There’s a conundrum facing software developers these days: Wearable tech is clearly an area of keen interest among consumers and industry watchers, but how to prepare for mass market adoption in this nascent space? There are still so many variables, so much left up in the air, that it’s hard to pick any areas of investment with guaranteed return on investment. But Evernote CEO Phil Libin has a warning for software companies taking a wait-and-see approach – if you do so, you risk being left behind.
Evernote is already developing or has developed software for Android Wear, Pebble, Google Glass, Samsung Gear and more, and Libin told me that while it’s far too early to pick a winner, or to pretend that anything they’re doing now will look at all like finished products available to a mature wearables market, the experimentation isn’t considered optional at his company. And to look at just how broad Evernote’s approach to the so-called wearables market is, and what that might encompass, you can look to the company’s launch of its Market for physical goods last year, which at the time left many observers scratching their heads.

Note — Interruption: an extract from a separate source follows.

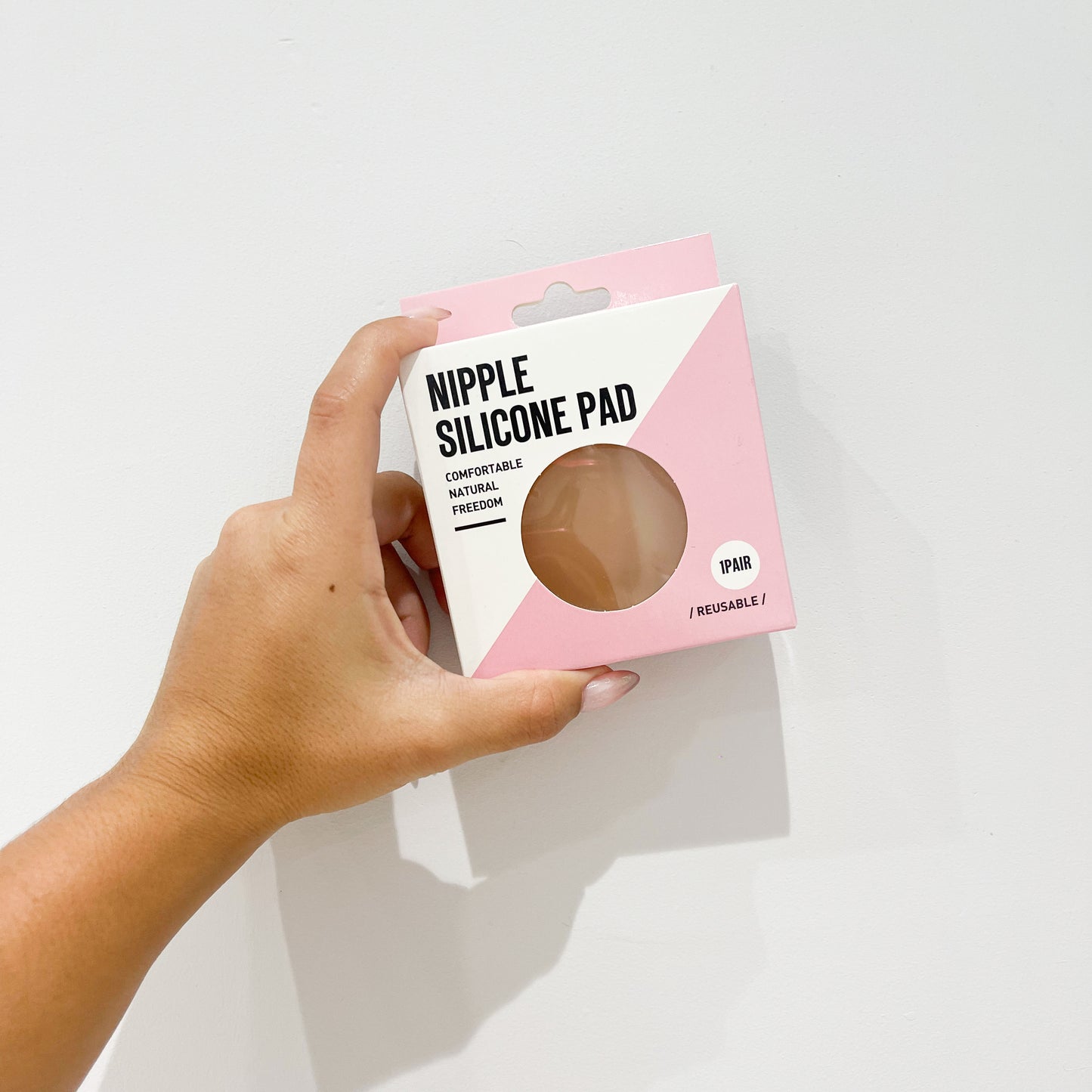 NIPPLE SILICONE PAD SMALL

“A big reason for why we even launched the Evernote Market over six months ago was to get experience designing for the real world,” Libin explained. “It’s going to be very hard for companies to be successful if they don’t understand how to design for the physical world. The whole nature of these devices is that they’re going to succeed or fail based on the experience that they give you, and the whole experience is very tactile and very tangible, it’s not just sitting in front of a computer typing.”
Working with companies that produce goods on partnerships isn’t strictly about branding and name recognition; in fact, it’s more about learning how a future of interconnected hardware (both wearable, and the kind that’ll pervade every aspect of our lives) will work with and augment software. Evernote’s goal is to be the ultimate productivity aid for knowledge workers, and in the future, fulfilling that role might require much more than just being a codex or repository for the storage and recall of traditional media.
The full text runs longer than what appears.